Bajiquan is known for its elbow strikes and short-range power. Similar to Muay Thai’s “Eight Limbs”, Bajiquan uses “Eight Weapons” to strike – Feet, Knees, Hips, Body, Shoulders, Elbows, Arms and Head. It is built for close in-fighting, engaging aggressively from a longer range to short distance.
Shanqi (善耆; 1866–1922; 10th), held the title Prince Su of the First Rank from 1898 to 1922, posthumously honored as Prince Suzhong of the First Rank (肅忠親王). There are three noticeable Airbenders in the background. Eunuch bodyguards of the good prince would look like the pic. Dong Haichuan is employed by Prince Shanqi in the 19th century.

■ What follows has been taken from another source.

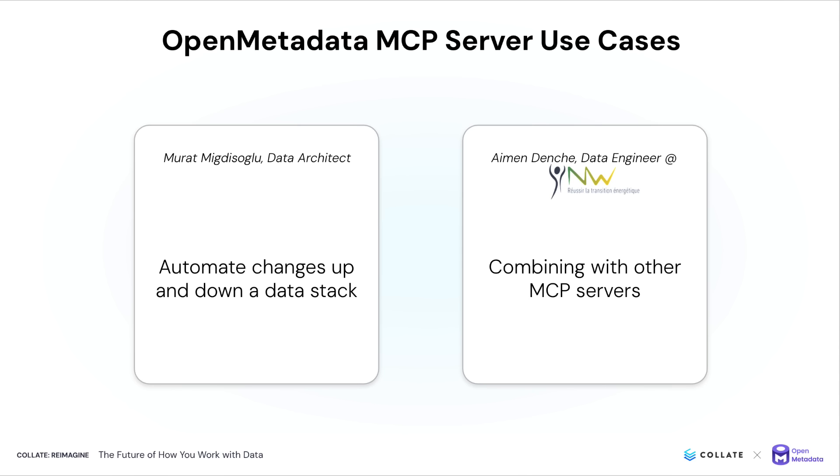We released our MCP server back in June, and it's been really exciting to see and hear the new ways people are using open metadata since. Here are just a few. Murad has powered Criteo's open metadata environment at the schema level, applying classifications that he'd like to push down to every table within a schema in order to build out layers of a medallion architecture. And Amen uses open metadata's MCP server to pull stats that he can send to a dashboarding service through its MCP server.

Yin Fu dedicated many efforts to his bodyguard business in Beijing. He successively worked in the East Tower East Factory Hutong (Dongchang)- the site which was once the most elite Intelligence Agency in Ming Dynasty. During the 19th century, Dongchang became the residence to many top military/chief executives of the region (under Empress Cixi jurisdiction/ primarily Baoding elites). An interesting note, even today at Dongchang, the basic pattern of the Rong Lu mansion is still visible, and the European-style villas are apparent from the Westernization movement. The area is deeply connected with the Beiyang New Army and Yuan Shikai. Yin Fu’s true history reveals the misconceptions of modern Baguazhang promotions- his style, environment, and methods of the time period are not as expected.
Before the late Qing Dynasty, the concept of “big knife/Dadao” in the army mostly refers to the knife of the long pole, similar to the shape of the Guandao. The knife with a short handle and a large blade (in popular contemporary Baguazhang culture) is called a single hand knife, it is not called a “big knife”, historically speaking. Ironically the signature instruments used by both disciples of Dong Haichuan are often misinterpreted in Airbending schools of today.
[Imperial Guard examination & Chang Dongsheng with a nice chin jab] Most Baguazhang lineages today use large oversized instruments such as the giant saber, for strength conditioning purposes. The foundation for this tradition descends from feudal wrestling battalions. Yin Fu and Cheng Ting Hua were both wrestlers.
The Luohan style of Penetrating Palm sets are suitable for the short Tiger Spear… and though adaptable, are not originally designed for sticking the opponent with the tips of the fingers (according to Shaolin treatise, the penetrating/willow leaf palm is meant to grasp). The short spear is a formidable instrument while patrolling on foot, inner palace. In certain sectors of the inner court, empty-hand skill and ordinance is concentrated on instruments with lower damage such as cudgel- or in close quarters conflict, a short spear. The short spear is largely replaced by the bayonet in the late 19th century for military guards, however, still favored by eunuch bodyguards inner quarters.
Contrary to popular opinion, the Interlinking/ Weaving routines of Baguazhang as popularized in mainstream and films, contain ‘wrestling with weapons integration’ and not pure empty-hand wrestling. Grappling and takedowns with the instrument in hand, are crucial in feudal melee- often against armed opponents. It is worth noting the forms/drilling methods of Qing-era wrestling are often distinct in aesthetics from the silky/ twisting/ turning style of Swimming Baguazhang.